» WORK TASK
Starting at the line that contains "Western Fringe Black", copy every line through the end of the records below exactly as written, leaving out pictures.
══ SUPPLIED ENTRIES
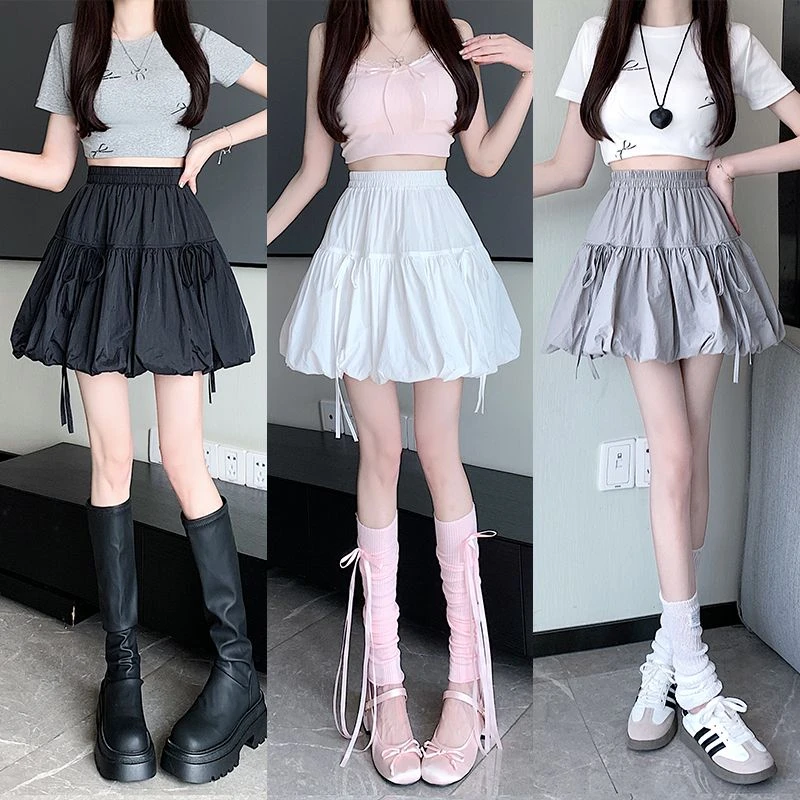 云朵蓬蓬裙感高腰A字花苞褶皱半身裙灯笼短裙夏季时尚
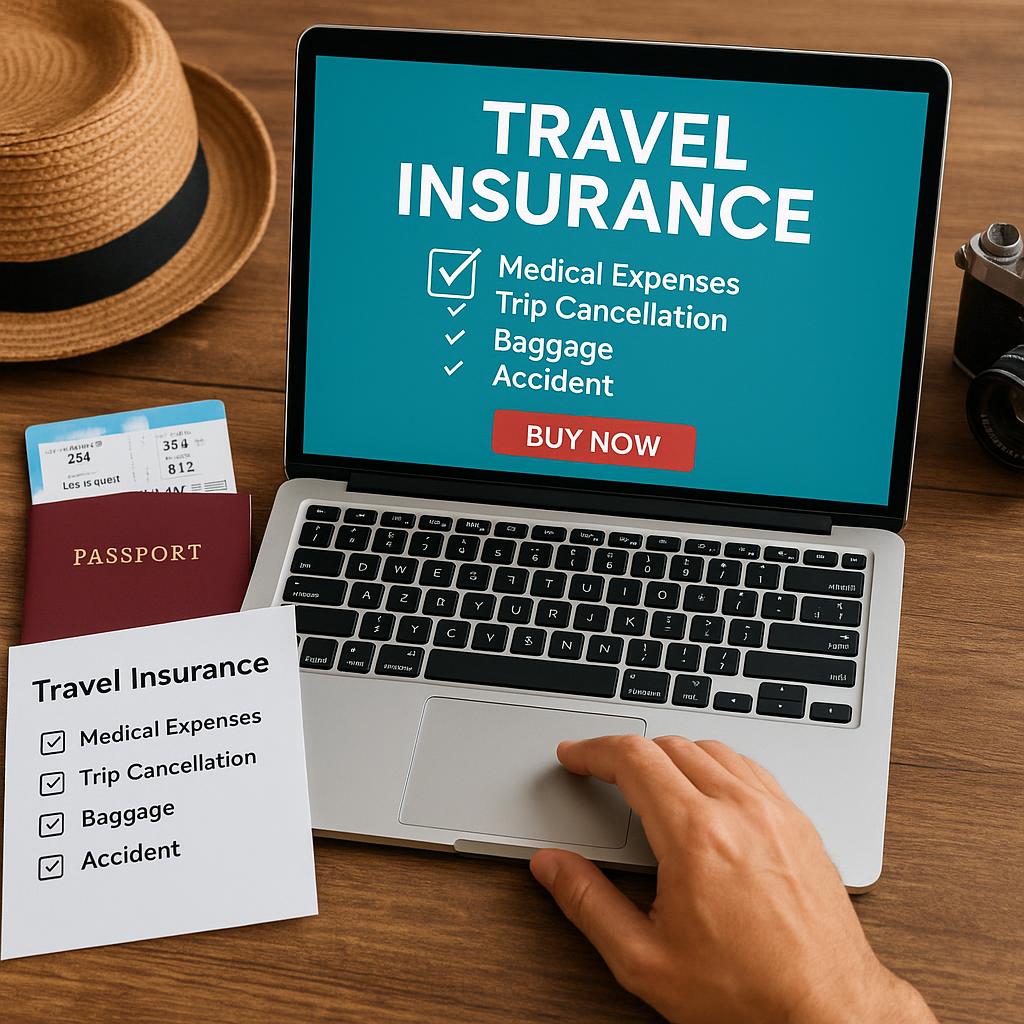 Person choosing travel insurance online with checklist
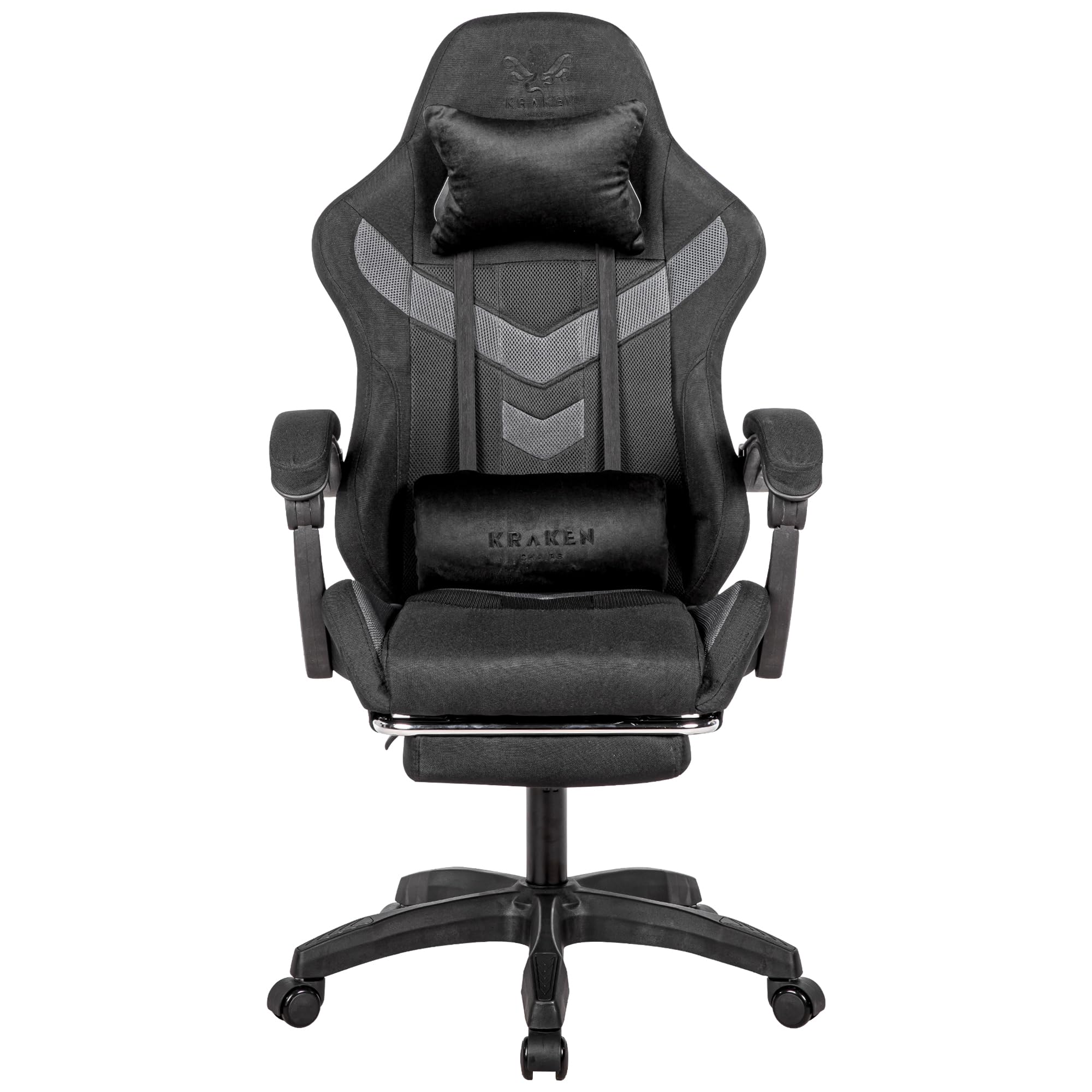 Sedia Gaming Tessuto con Poggiapiedi Ergonomica 130 kg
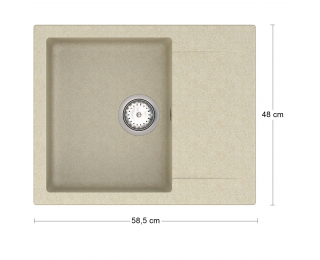 Granitový kuchynský drez so sifónom Odi ONB 02-61 58,5x48 cm - béžová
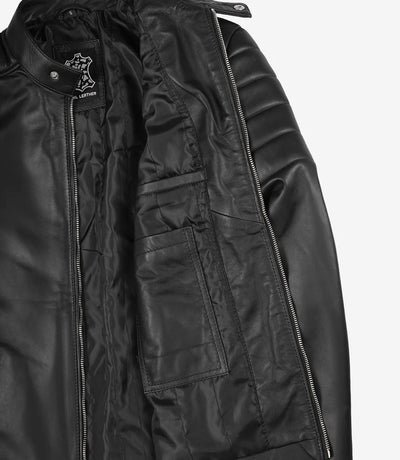 Renwick Men’s Black Distressed Café Racer Leather Jacket - Image 5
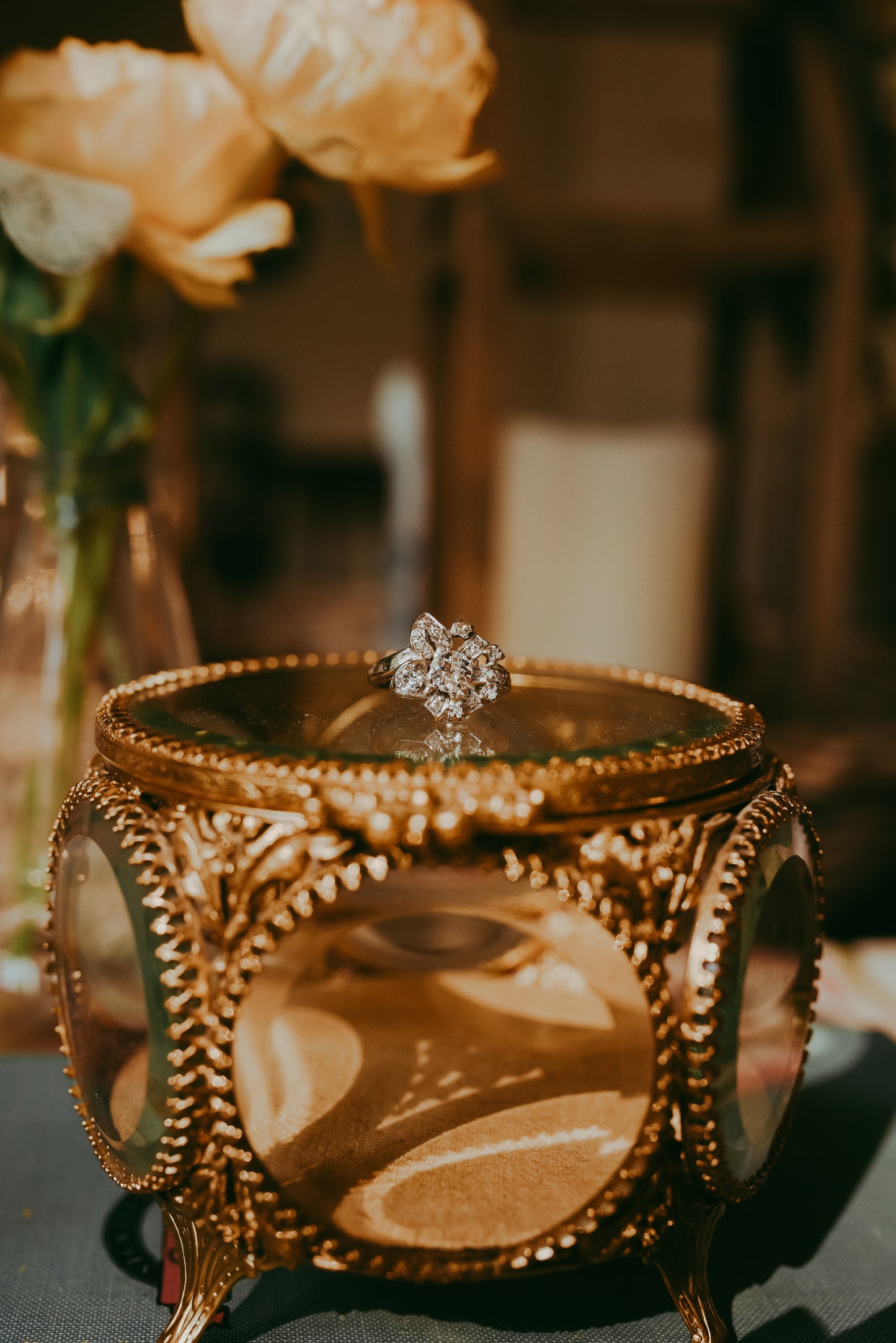 My Darling Juliet | Floral Diamond Ring in 14K White Gold – Mid-Century 1950s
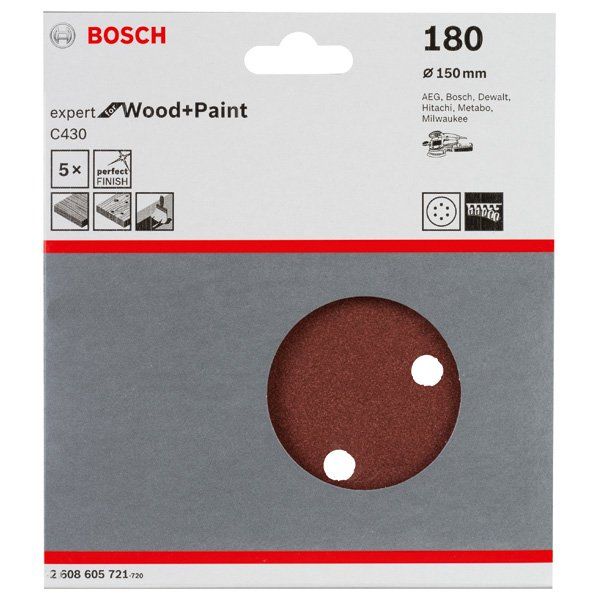 Bosch - Schleifpapier/Schleifvlies Schleifblatt C430, 150 mm, 2608605721 180 6 Löcher Klett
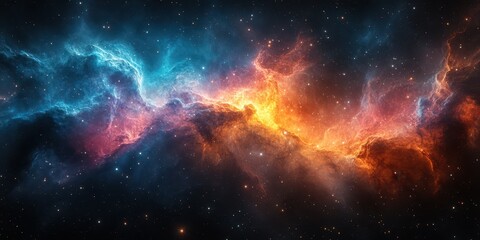 vibrant cosmic nebula filled with colorful gases and stars observed from outer space
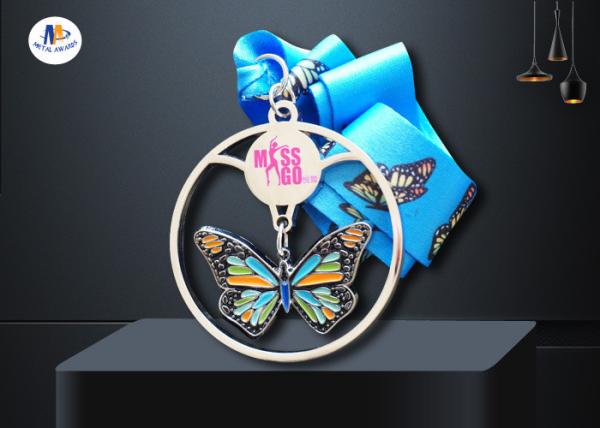 Shiny Silver Stock Dancing Butterfly Relief Medals Cut Out With Sublimated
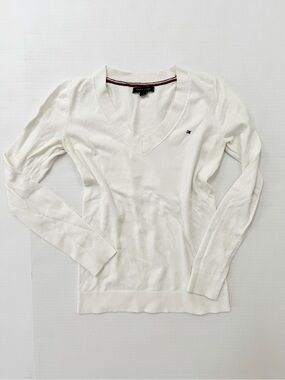 Tommy Hilfiger Cream V-Neck Sweater XXS - XS Preppy Minimalist Long Sleeve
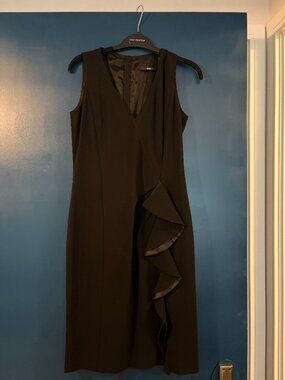 Boss by Hugo Boss V-Neck Black Sheath Dress Sz 6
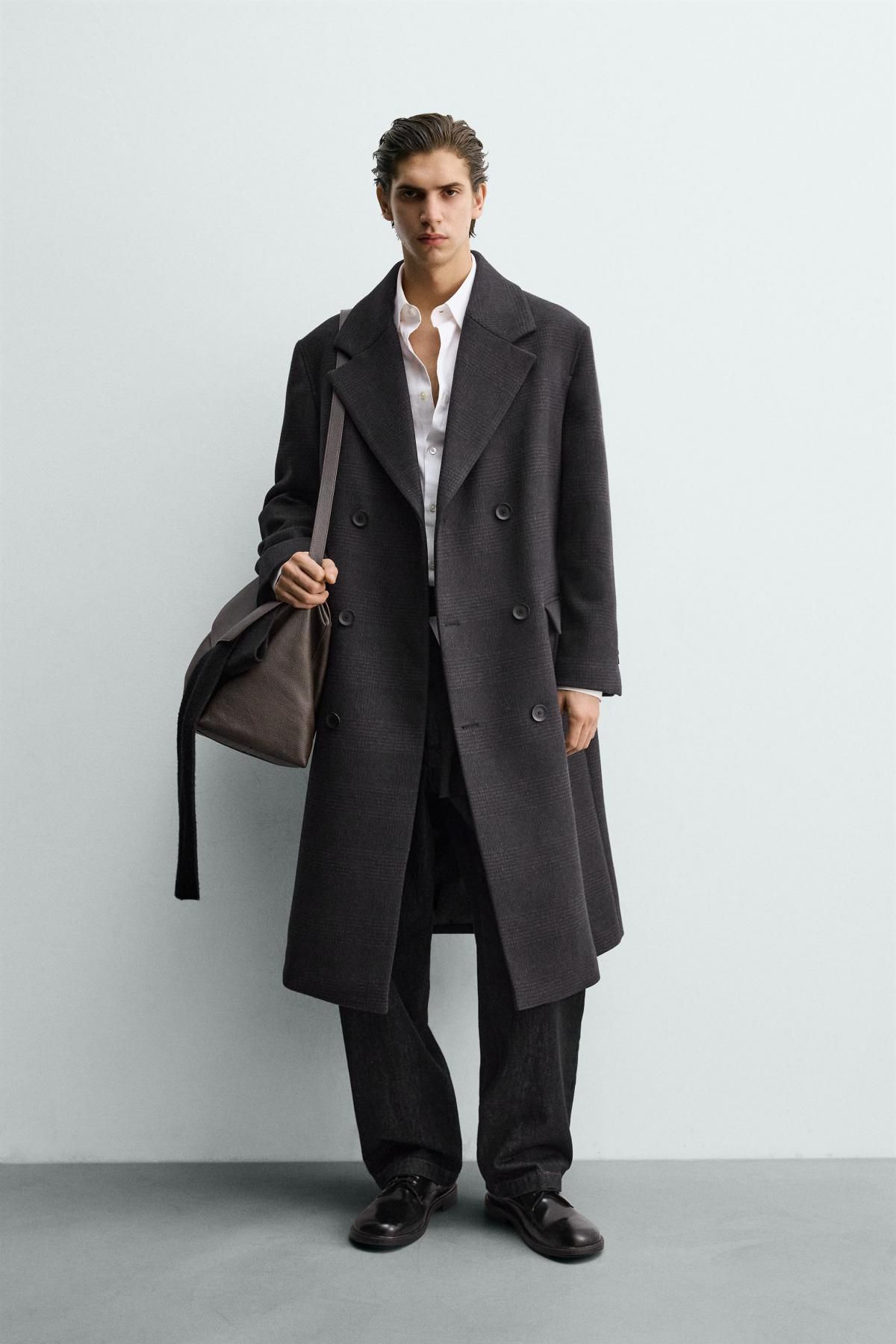 자라 테크니컬 체크 더블 코트 울혼방 5854/155 DARK GREY - 상세 이미지 2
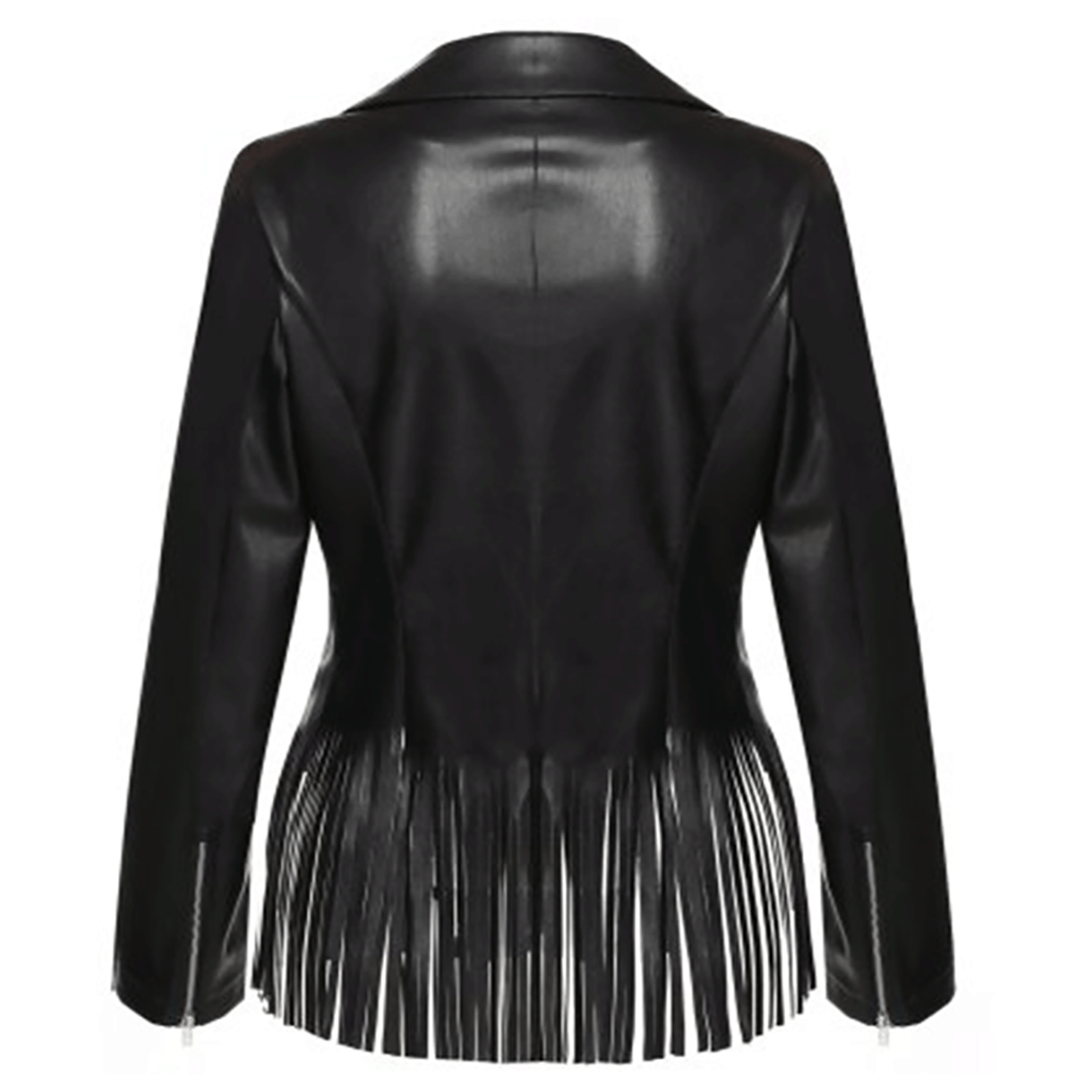 Western Fringe Black Leather Jacket for Women Cowgirl side view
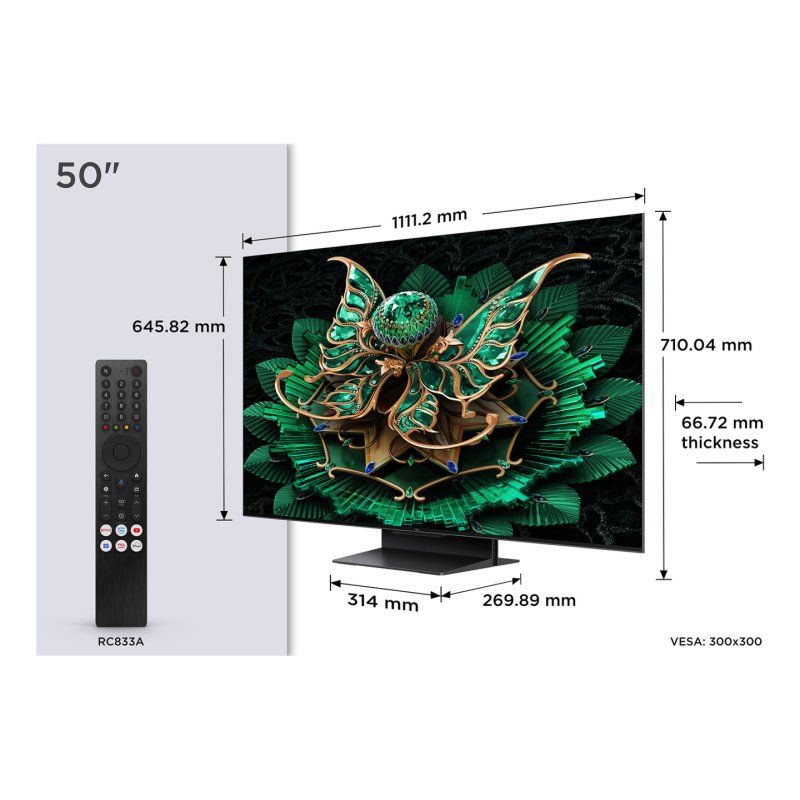 TCL 50C7K TV 127 cm (50") 4K Ultra HD Smart TV Wifi Métallique 2000 cd/m²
════
» TASK ANSWER
 Western Fringe Black Leather Jacket for Women Cowgirl side view
 TCL 50C7K TV 127 cm (50") 4K Ultra HD Smart TV Wifi Métallique 2000 cd/m²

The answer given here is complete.